#### [THE TASK]
Copy exactly the lines of the data below, beginning with the line with "Old rusty hand tools closeup." and ending with the line with "持有贝尔胡椒番茄手家庭主妇穿". Pictures are to be omitted.

#### [SUPPLIED DATA]
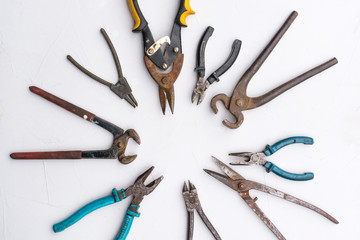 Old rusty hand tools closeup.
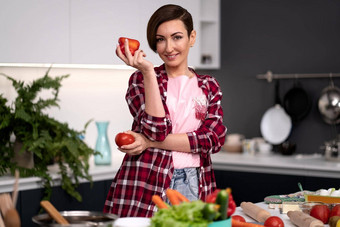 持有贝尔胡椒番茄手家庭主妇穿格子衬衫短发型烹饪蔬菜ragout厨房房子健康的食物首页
---
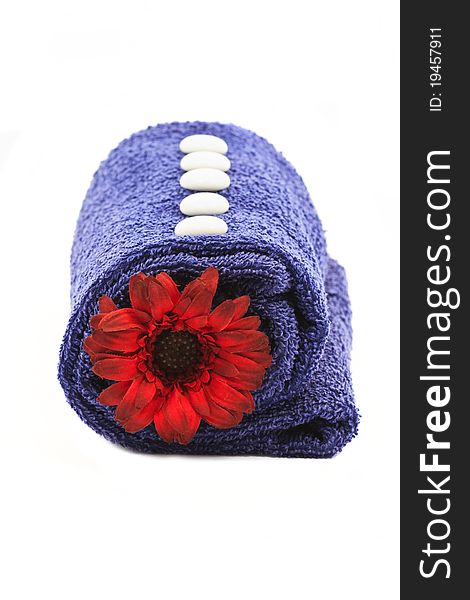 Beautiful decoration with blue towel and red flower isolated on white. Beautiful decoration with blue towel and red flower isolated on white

#### [PROBLEM SOLUTION]
 Old rusty hand tools closeup.
 持有贝尔胡椒番茄手家庭主妇穿格子衬衫短发型烹饪蔬菜ragout厨房房子健康的食物首页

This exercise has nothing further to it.